W2: I apologize for the lack of clarity in our description and hope that the following explanation will address your concerns about the technical innovations. Unlike traditional diffusion models that add noise to features, we use discrete diffusion to induce structured transformations among discrete nodes, such as semantic labels, within a discrete state space using transition matrices. This approach replaces the introduction of noise in conventional diffusion models and avoids the deviation of representations towards meaningless directions. The semantic space itself is inherently meaningful, and the discrete diffusion framework allows us to design controllable transition schemes, such as importance-based transitions, which are a major source of performance improvement. We also note that traditional diffusion models add noise to embeddings, which often exacerbates training difficulties in highly sparse scenarios like sequence recommendation. For instance, in our experiments, we observed that DiffuRec required over three hundred training epochs to converge on most datasets. Our work is also the first attempt to enhance diffusion models with textual information in the context of recommendation.
Q1: We introduce the concept of fuzzy sets because diffusion models are inherently designed for generative tasks, which fundamentally differ in form from autoregressive tasks like sequence recommendation, where the th item is predicted using the previous items. By employing fuzzy modeling to redefine the diffusion process, we ensure that the diffusion can be theoretically applied to the target embeddings but also enhances adaptability without compromising the robust theoretical support inherent to diffusion models. As for discrete diffusion, it represents a form of fuzzy modeling in our work. The specific reasons for using discrete diffusion are presented in W1.
Thank you for your thorough review. If you feel our clarifications have indeed alleviated any doubts, we kindly ask you to consider adjusting the score accordingly. Should you have any further questions or require additional clarification, please do not hesitate to point them out.
I thank the authors for their thoughtful modifications to the paper - is it possible to upload this revision to OpenReview before the review period ends? I think the inclusion of the pseudo-code for training and sampling algorithms is a big step forward. Also, with the inclusion of the new experimental results I am glad to increase my score.
Dear Reviewer,
Thank you very much for your positive feedback and for recognizing the improvements in our revised manuscript.
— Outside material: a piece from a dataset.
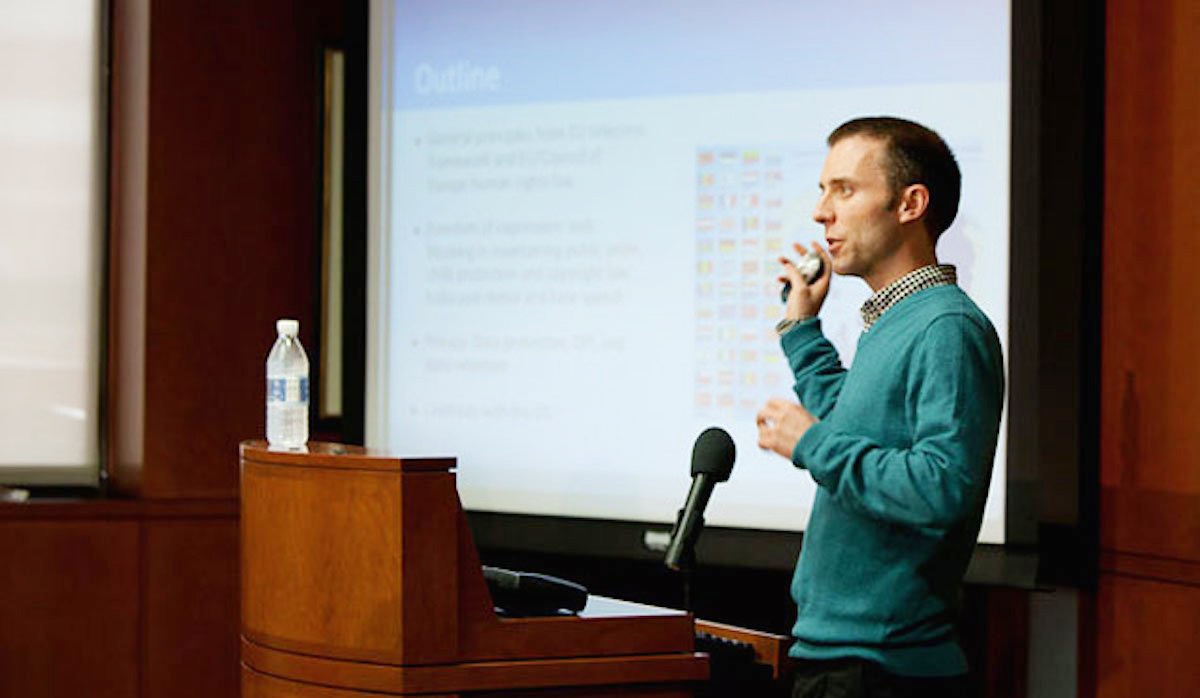 dai hoc hang dau the gioi anh 6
We greatly appreciate your support, particularly regarding the inclusion of the pseudo-code and the new experimental results.
We will promptly upload the revised version to OpenReview before the review period ends, as per your suggestion.
Thank you again for your valuable guidance and for increasing your score.
Best regards!
Dear Reviewer,
I hope this message finds you well. I am writing to inquire about the progress of my rebuttal submission. I understand that the review process can be quite involved, but I would appreciate any updates you could provide regarding the status of the review.
Thank you very much for your time and effort!
Best regards!
The paper introduces an information theory-based improvement of sequential modeling to capture the randomness in user behavior. The paper was well-received by all reviewers and inspired (what looks like) a fruitful exchange between the reviewers and the authors who addressed the reviewer concerns. Most reviewers increased their scores after the rebuttal. To meet the expectations of the reviewers, the authors should incorporate the rebuttal in their final paper, including improving the clarity of the paper, discussion of computational complexity, and adding more experimental results.